Руки Адама перестали дёргаться, когда демон понял, что они надежно связаны. Адам выглядел жалко. Его голова покоилась
Девочка-Сиротка подобралась ближе. Она аккуратно расстегнула грязный ремешок на своем запястье и нацепила часы на ему на руку, выше ленты. А потом поцеловала его в предплечье.
— Спасибо, — произнёс он глухо. А затем, обращаясь к Гэнси, понизив голос, добавил: — Я мог бы тоже стать жертвой. Меня уничтожили.
— Нет, — одновременно возразили Блу, Гэнси и Ронан.
— Давайте не сходить с ума только потому, что он пытался кого-то убить, — попросил Генри, облизнув костяшки пальцев.
Адам, наконец, поднял голову.
— Тогда тебе лучше прикрыть мои глаза.
— Что? — озадаченно переспросил Гэнси.
— Потому что, — с горечью в голосе добавил Адам, — иначе они предадут тебя.
Глава 60
Независимо от того, с какого места вы начали знакомиться с этой историей, она была о Сондок.
Она не хотела становиться международным торговцем предметами искусства и мелким криминальным авторитетом. Началось всё с простого желания чего-то большего и превратилось в медленное осознание того, что нечто большее никогда не будет достигнуто на выбранном ею пути. Она была замужем за умным человеком, с которым познакомилась в Гонконге, и у неё было несколько смышлёных детей, которые в большинстве своём уродились в него, за исключением одного, и она понимала, по какому сценарию пойдёт её дальнейшая жизнь.
А потом она сошла с ума.
Безумие было недолгим. Возможно, у неё был год припадков и видений, и её находили рыщущей по улицам. И когда она оказалась по другую сторону, то обнаружила, что у неё глаза ясновидца и прикосновение шамана, и она может сделать себе на этом карьеру. Она сменила имя на Сондок, и так родилась легенда.
Она вела себя удивительно каждый день.
Роботизированная пчела оказалась именно той отправной точкой, на которой она поняла, что встала на скользкую дорожку. Генри, её средний сын, ярко сиял, но он, казалось, не умел источать этот свет. И поэтому, когда Найл Линч предложил найти ей безделушку, небольшой предмет, волшебную игрушку, чтобы помочь ему, она прислушалась.
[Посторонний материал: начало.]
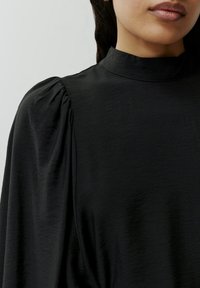 Zwarte blouse met een hoge halslijn, poffende mouwen en zachte, gestructureerde stof. Het ontwerp benadrukt drapering en vloeiende lijnen.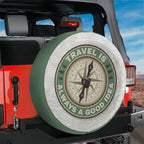 Travel compass spare tire cover on red Jeep Wrangler with green badge and brown compass rose design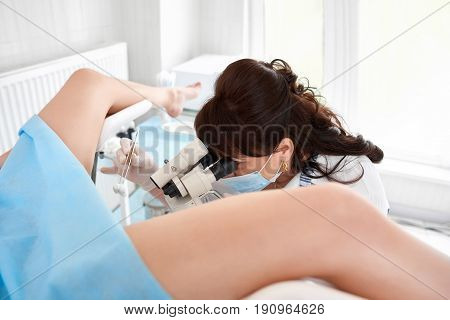 Professional gynecologist examining her female patient on a gynecological chair,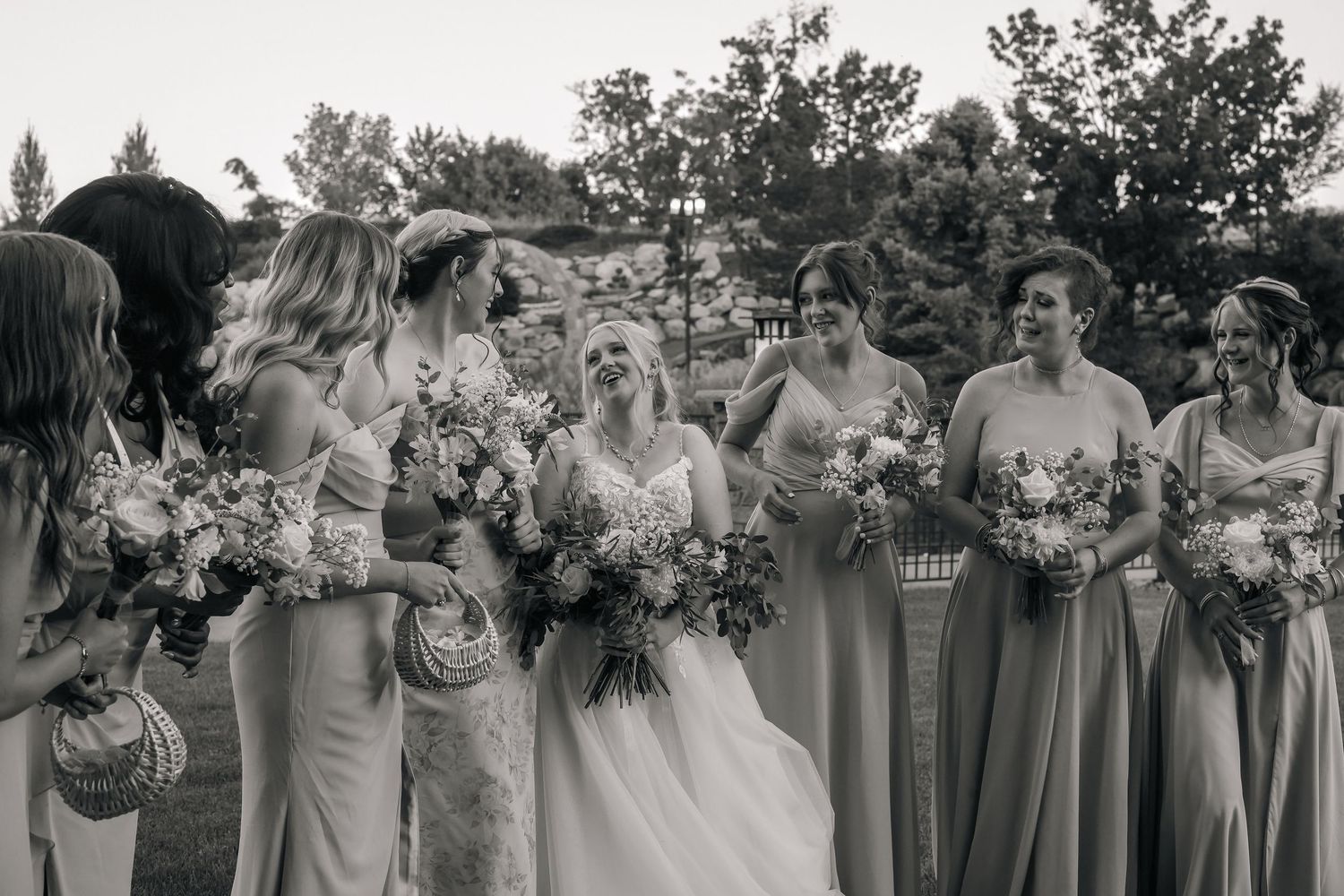 Wedding party holding floral bouquets poses together for group photos.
Как только она увидела красивую пчелу, ей тут же захотелось именно её. Конечно, он также показал её Ламоньеру, Гринмантлу, Валкизу, Макки и Ксаю, но это было ожидаемо, потому что он был негодяем и ничего не мог с этим поделать. Но когда он познакомился с Генри, то позволил Сондок взять её себе почти даром, и она этого не забыла.
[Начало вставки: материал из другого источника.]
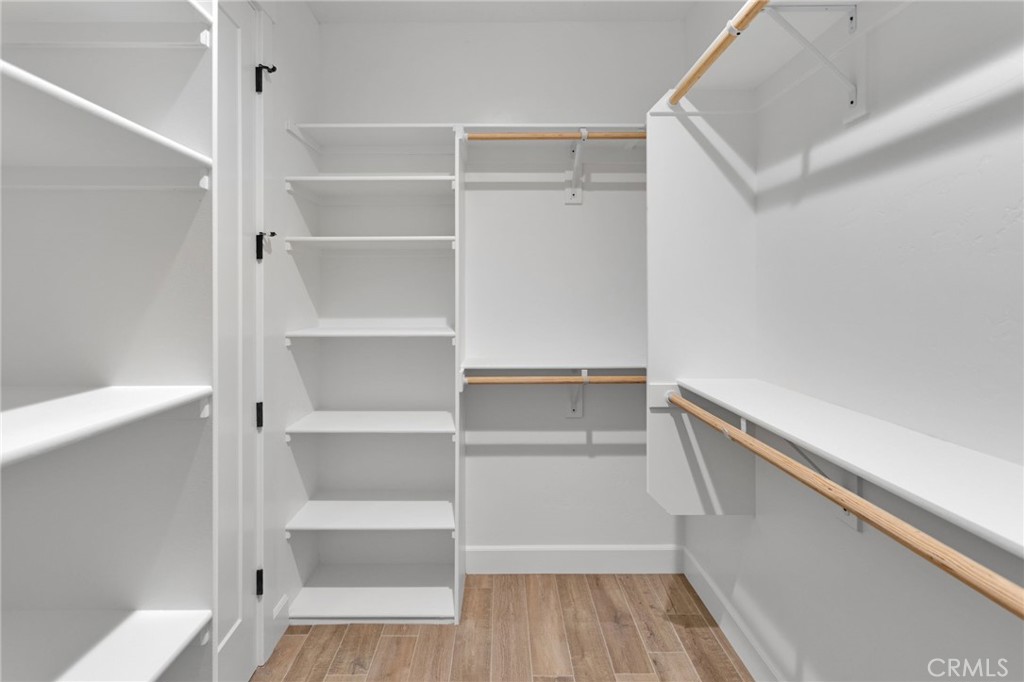 16618 Country Ranch Court Victorville, CA 92395 - Photo 17 of 31 a view of walk in closet with empty racks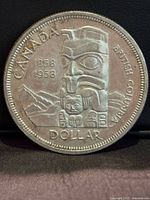 Reverse side showing totem pole and inscriptions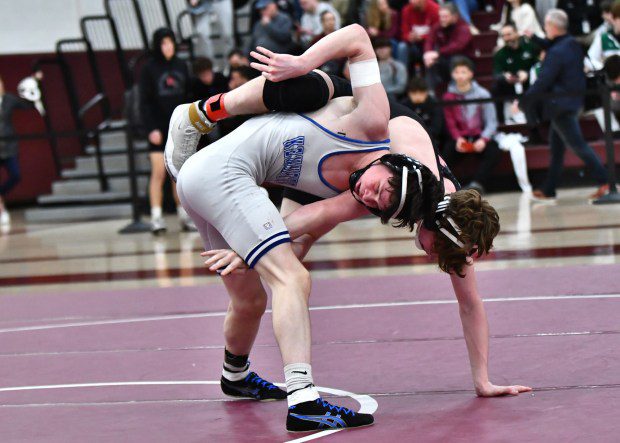 Kennet's Blake Boyer wriggles free for an escape against Central Bucks West's Patrick Kelly (BILL RUDICK for MedaNews Group)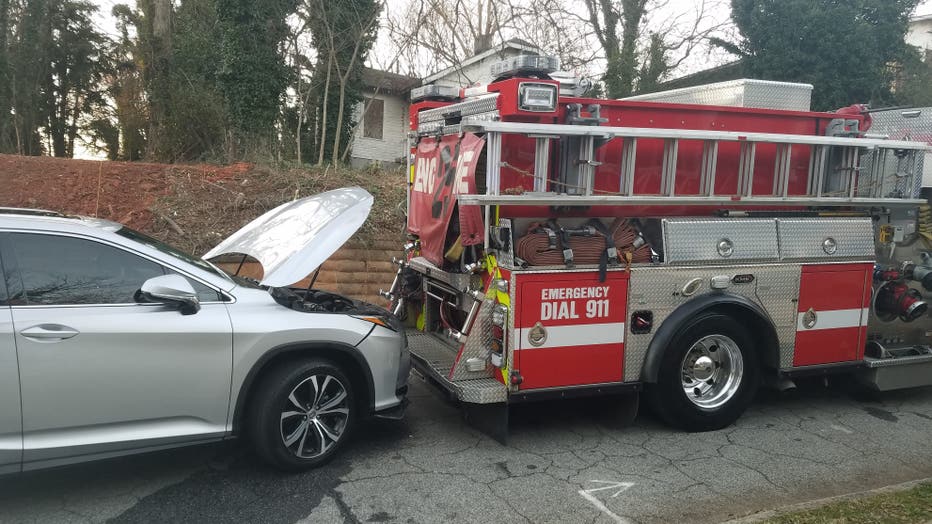 An Atlanta fire engine crashed into a parked car after officials say a homeless man disengaged the brake on Feb. 19, 2022.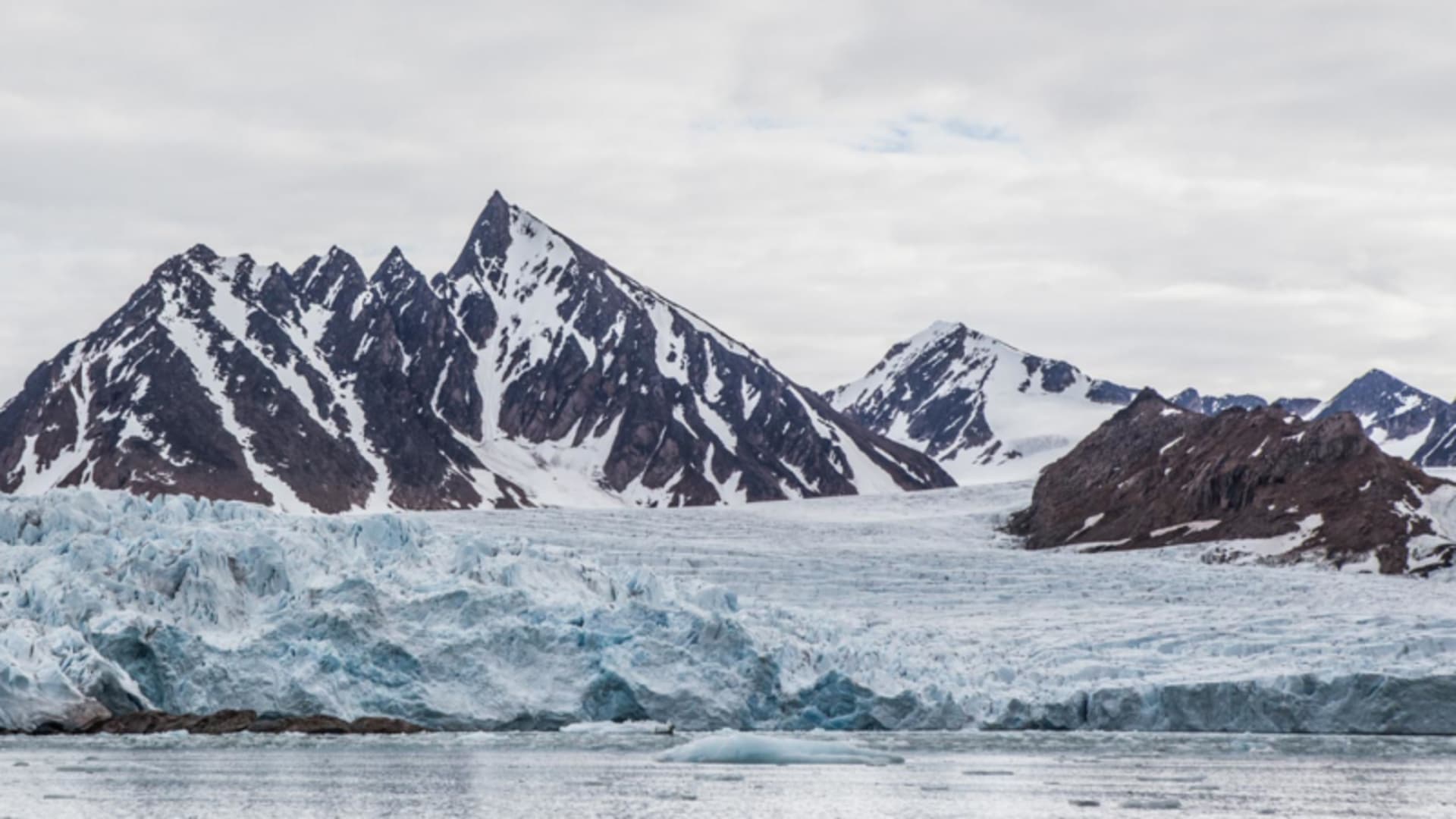 Skitour Spitzbergen: Panorama einer arktischen Gletscherfront mit treibenden Eisschollen, zerklüfteter Gletscherzunge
Конечно, это был подарок и наказание, поскольку позже из-за него Ламоньер похитил Генри.
И она хотела за это отомстить.
Она ни о чём не сожалела. Не могла заставить себя сожалеть; даже когда возникала угроза жизни её детям. Этот путь был изначально предопределён, и ей было хорошо на нём, даже когда становилось очень трудно.
Когда она оказалась рядом с Серым Человеком, старым наёмником Гринмантла, на парковке Академии Аглионбай и обнаружила, что кровь на его ботинках принадлежала Ламоньеру, ей немедленно стало интересно, что он может рассказать.